YOUR TASK:
With the pictures left out, copy the listing below exactly.

COLLECTED DATA Start Marker

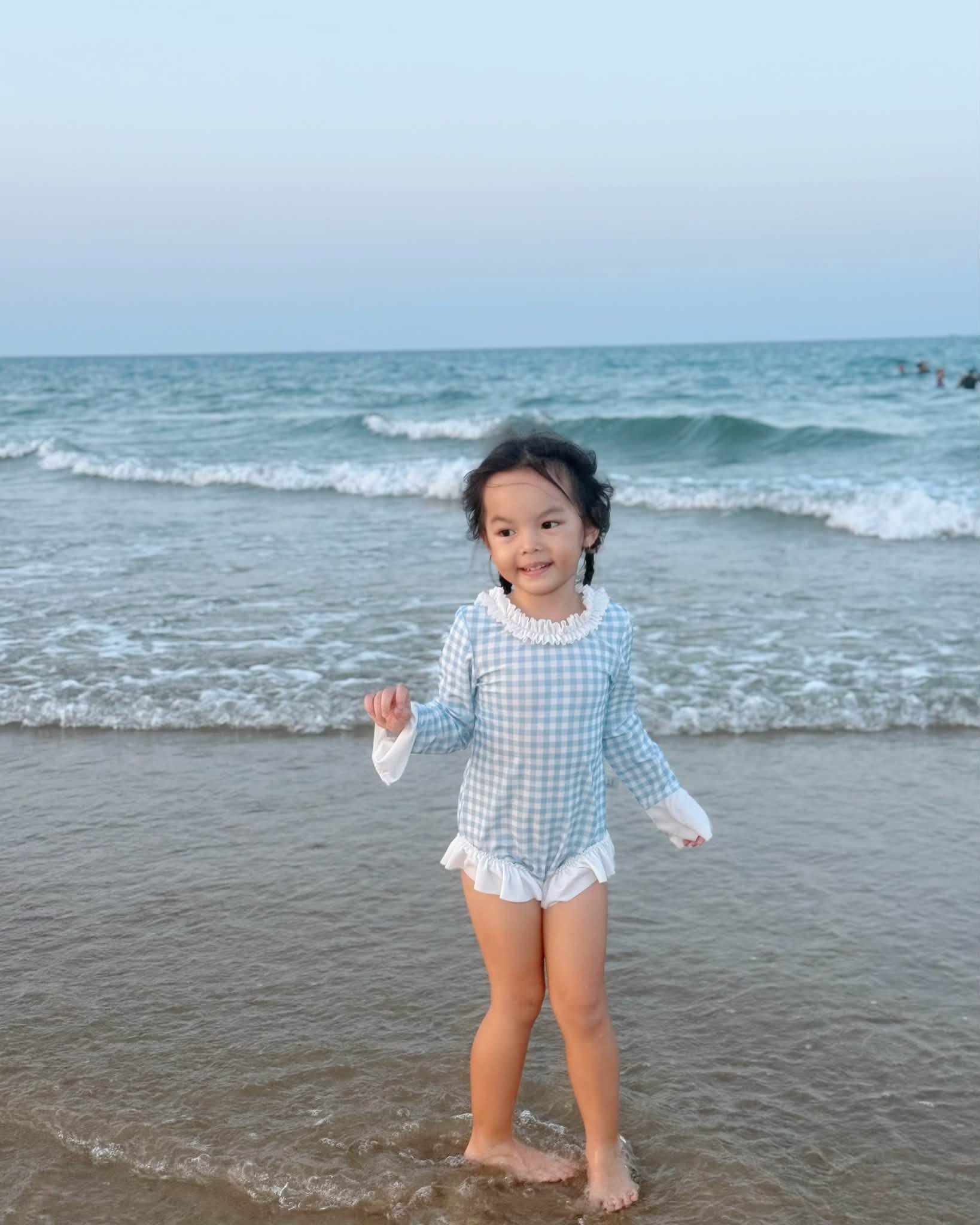 Con g&aacute;i Phạm Quỳnh Anh xinh xắn giống mẹ như hai giọt nước, học tiếng Trung với bố mỗi tối- Ảnh 4.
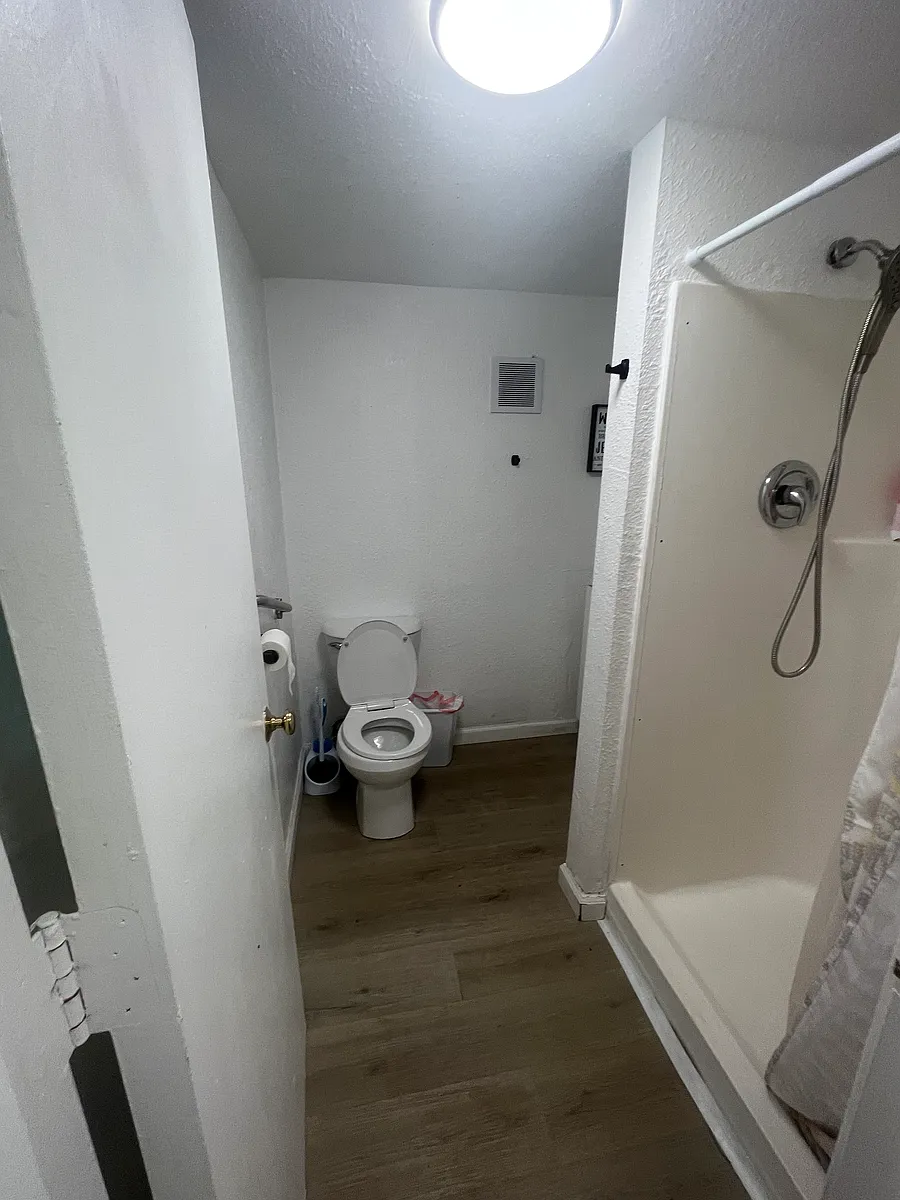 Shared bathroom - 1106 E St #7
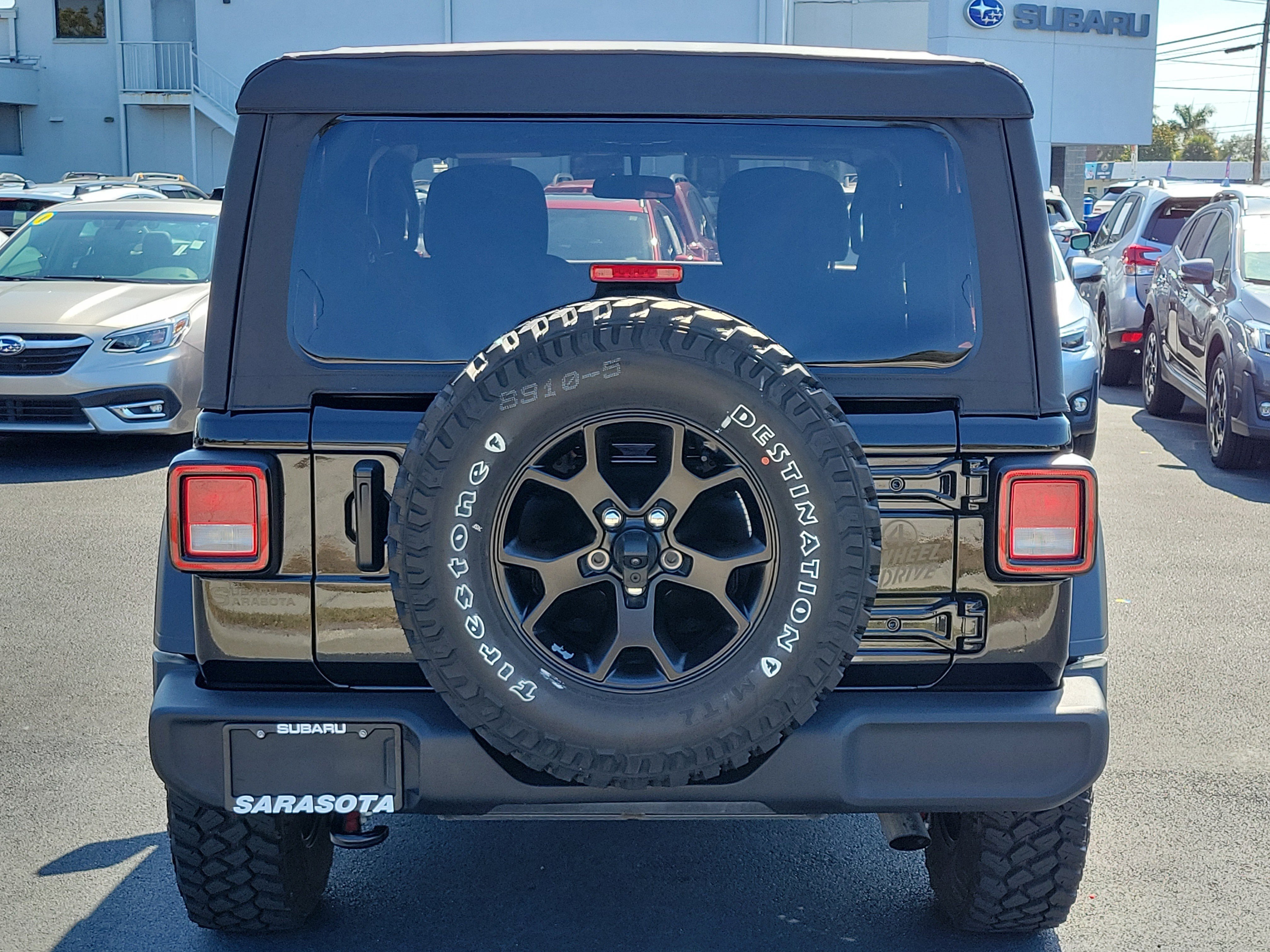 Used 2022 Jeep Wrangler Willys image 5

COLLECTED DATA End Marker

RESULT OF THIS TASK:
 Con g&aacute;i Phạm Quỳnh Anh xinh xắn giống mẹ như hai giọt nước, học tiếng Trung với bố mỗi tối- Ảnh 4.
 Shared bathroom - 1106 E St #7
 Used 2022 Jeep Wrangler Willys image 5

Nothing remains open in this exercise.